In the first place, the contract shows that what the sons were to receive thereunder was additional compensation for the services which they were rendering to their father. The amounts which he was paying them were small as compared with the income which he was deriving from the business which they were helping him build up. They were dissatisfied, and were demanding additional pay. He agreed to divide with them the income which he was receiving from the partnerships and the corporation, provided they would continue on in the business, drawing the same weekly or annual pay, and would agree that the extra compensation be held in trust for them until their arrival at the age of 35 or prior marriage, a provision obviously intended to foster thrift on their part. There is no evidence that the extra compensation was unreasonable in amount as compared with the value of their services, and certainly it was not unreasonable when consideration is given to the fact that it was not to be payable until after the lapse of a considerable period of time. It was not forfeitable by the father; for, although he might stop further compensation to any of his sons, if the services of such son proved unsatisfactory, or if he married a girl of whom his parents did not approve, this did not forfeit the compensation already earned and credited, but only the compensation for the current and future years. We think, therefore, that what was credited to the sons under the contract was allowable as a deduction from gross income under section 214 of the Revenue Laws (Revenue Acts 1918 and 1921; 40 Stat. 1066; 42 Stat. 239) as an "ordinary and necessary expense" of the business of taxpayer, being a reasonable allowance for compensation paid for services actually rendered.
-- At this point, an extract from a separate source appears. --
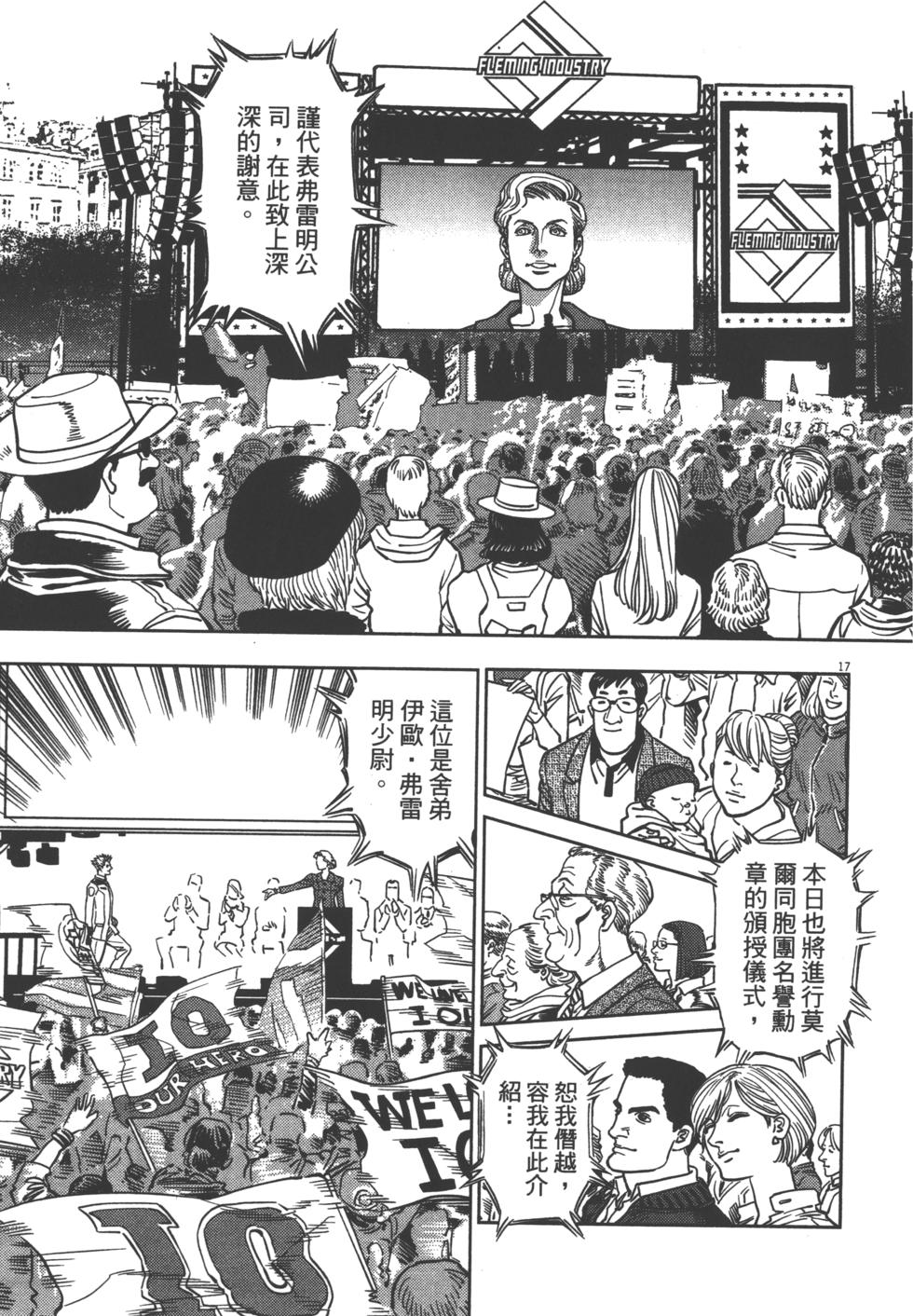 第142页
We think that the board attached entirely too much importance to the marriage provision of the contract. It is true that marriage is a personal matter and has nothing to do with the services rendered by the sons. But, as just stated, breach of the marriage condition did not forfeit the extra compensation already earned. The father was providing a means by which he could get rid of a son's future connection with the business, if he should do that which was personally objectionable to his parents, in the same way as if he should fail to render satisfactory service. The provision that marriage to a Jewish girl, approved by the parents, would hasten the payment of the funds held in trust, was no more than a provision that, upon a marriage deemed proper by his parents, his savings should be paid to him, instead of being withheld until his arrival at 35 years of age. The amount credited to the sons under such a contract was clearly not a gift or a "personal, living or family expense" within the meaning of Revenue Acts 1918 and 1921, § 215 (40 Stat. 1069; 42 Stat. 242), but compensation for services actually rendered in the business of the father. That it was to be paid in such way as to encourage thrift and saving on the part of the sons did not change its character. Nor was its character changed by the fact that future compensation might be forfeited by unsatisfactory conduct or marriage.
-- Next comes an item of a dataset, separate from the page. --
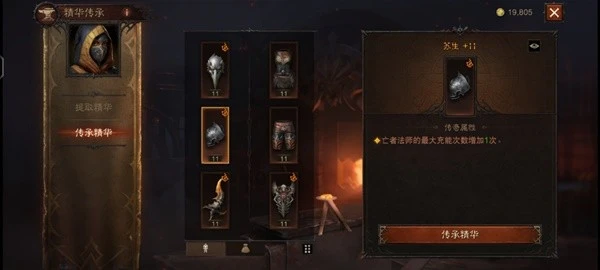 《暗黑破壞神：不朽》召喚流死靈裝備推薦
It is argued that whether a claimed deduction constitutes an "ordinary and necessary" expense within the meaning of the statute is a question of fact, that the board has determined this question adversely to the taxpayer, and that we are bound by its findings. We do not think, however, that it has adversely determined the fact. It has made no such determination in the findings of fact, which we have quoted in full, and the statement to that effect in the opinion is obviously a conclusion drawn from the previous statement that the taxpayer desired that his sons should marry girls of Jewish parentage, and that to accomplish this result the agreement of January 1, 1919, was entered into. In other words, what is relied upon as a finding of fact is no more than a conclusion, based upon an erroneous interpretation of the contract. It is said, however, that, if this finding has not been made by the board, it is a finding which must be made before the taxpayer can prevail, and that the case should either be affirmed for failure of the board to make it, or remanded that the question involved may yet be passed upon. But we think that the board has fully found the facts, and that it is a necessary inference from them that the sums credited to the sons were ordinary and necessary expenses of the taxpayer, within the meaning of the statute, and that such inference may be held to result as a conclusion of law. Botany Worsted Mills v. U. S., 49 S. Ct. 129, 132, 73 L. Ed. ___; U. S. v. Pugh, 99 U.S. 265, 269, 25 L. Ed. 322.

But, quite apart from the question as to *877 whether the share of the income to which the sons were entitled under the contract was reasonable allowance as compensation for the services or not, we are satisfied that it constituted income taxable against them and not against their father. The contract in question was a valid, binding contract made upon a sufficient consideration. It was terminable for breach of condition, but until terminated each of the sons was entitled thereunder to a definite part of the income from the partnerships and the corporation in question, to be held in trust for his use and benefit, and to be paid to him at a definite future time. There can be no question, therefore, that, as soon as the income was paid to the father, each of the sons, by virtue of the contract, became the equitable owner of one-fourth of it, to be held for him under the provisions of the contract. See Barnes v. Alexander, 232 U.S. 117, 34 S. Ct. 276, 58 L. Ed. 530. When the income was received and credited to the sons, therefore, this did not constitute gifts to them during the current year, but the carrying out of the contract and the crediting to them of that which was theirs.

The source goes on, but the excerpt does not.